→ **Problem**
Please retype all of the following entries exactly.

┄┄┄┄┄┄

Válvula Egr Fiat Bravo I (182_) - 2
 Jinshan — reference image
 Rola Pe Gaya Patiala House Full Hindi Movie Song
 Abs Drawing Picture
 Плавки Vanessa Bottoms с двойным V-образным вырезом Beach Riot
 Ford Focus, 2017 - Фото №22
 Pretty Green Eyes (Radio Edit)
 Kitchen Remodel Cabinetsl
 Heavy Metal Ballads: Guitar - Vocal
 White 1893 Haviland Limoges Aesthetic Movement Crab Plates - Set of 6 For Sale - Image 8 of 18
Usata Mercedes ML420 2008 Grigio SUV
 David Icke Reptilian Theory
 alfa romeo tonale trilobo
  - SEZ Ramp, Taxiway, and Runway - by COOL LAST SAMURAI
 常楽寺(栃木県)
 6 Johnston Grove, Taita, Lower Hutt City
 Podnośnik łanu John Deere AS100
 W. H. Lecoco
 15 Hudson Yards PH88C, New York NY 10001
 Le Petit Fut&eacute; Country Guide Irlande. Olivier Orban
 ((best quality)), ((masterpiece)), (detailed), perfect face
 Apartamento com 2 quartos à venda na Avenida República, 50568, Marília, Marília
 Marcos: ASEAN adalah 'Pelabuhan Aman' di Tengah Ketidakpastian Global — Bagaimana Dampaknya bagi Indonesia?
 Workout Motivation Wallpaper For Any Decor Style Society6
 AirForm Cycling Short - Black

┄┄┄┄┄┄

→ **Completed task**
Válvula Egr Fiat Bravo I (182_) - 2
 Jinshan — reference image
 Rola Pe Gaya Patiala House Full Hindi Movie Song
 Abs Drawing Picture
 Плавки Vanessa Bottoms с двойным V-образным вырезом Beach Riot
 Ford Focus, 2017 - Фото №22
 Pretty Green Eyes (Radio Edit)
 Kitchen Remodel Cabinetsl
 Heavy Metal Ballads: Guitar - Vocal
 White 1893 Haviland Limoges Aesthetic Movement Crab Plates - Set of 6 For Sale - Image 8 of 18
Usata Mercedes ML420 2008 Grigio SUV
 David Icke Reptilian Theory
 alfa romeo tonale trilobo
  - SEZ Ramp, Taxiway, and Runway - by COOL LAST SAMURAI
 常楽寺(栃木県)
 6 Johnston Grove, Taita, Lower Hutt City
 Podnośnik łanu John Deere AS100
 W. H. Lecoco
 15 Hudson Yards PH88C, New York NY 10001
 Le Petit Fut&eacute; Country Guide Irlande. Olivier Orban
 ((best quality)), ((masterpiece)), (detailed), perfect face
 Apartamento com 2 quartos à venda na Avenida República, 50568, Marília, Marília
 Marcos: ASEAN adalah 'Pelabuhan Aman' di Tengah Ketidakpastian Global — Bagaimana Dampaknya bagi Indonesia?
 Workout Motivation Wallpaper For Any Decor Style Society6
 AirForm Cycling Short - Black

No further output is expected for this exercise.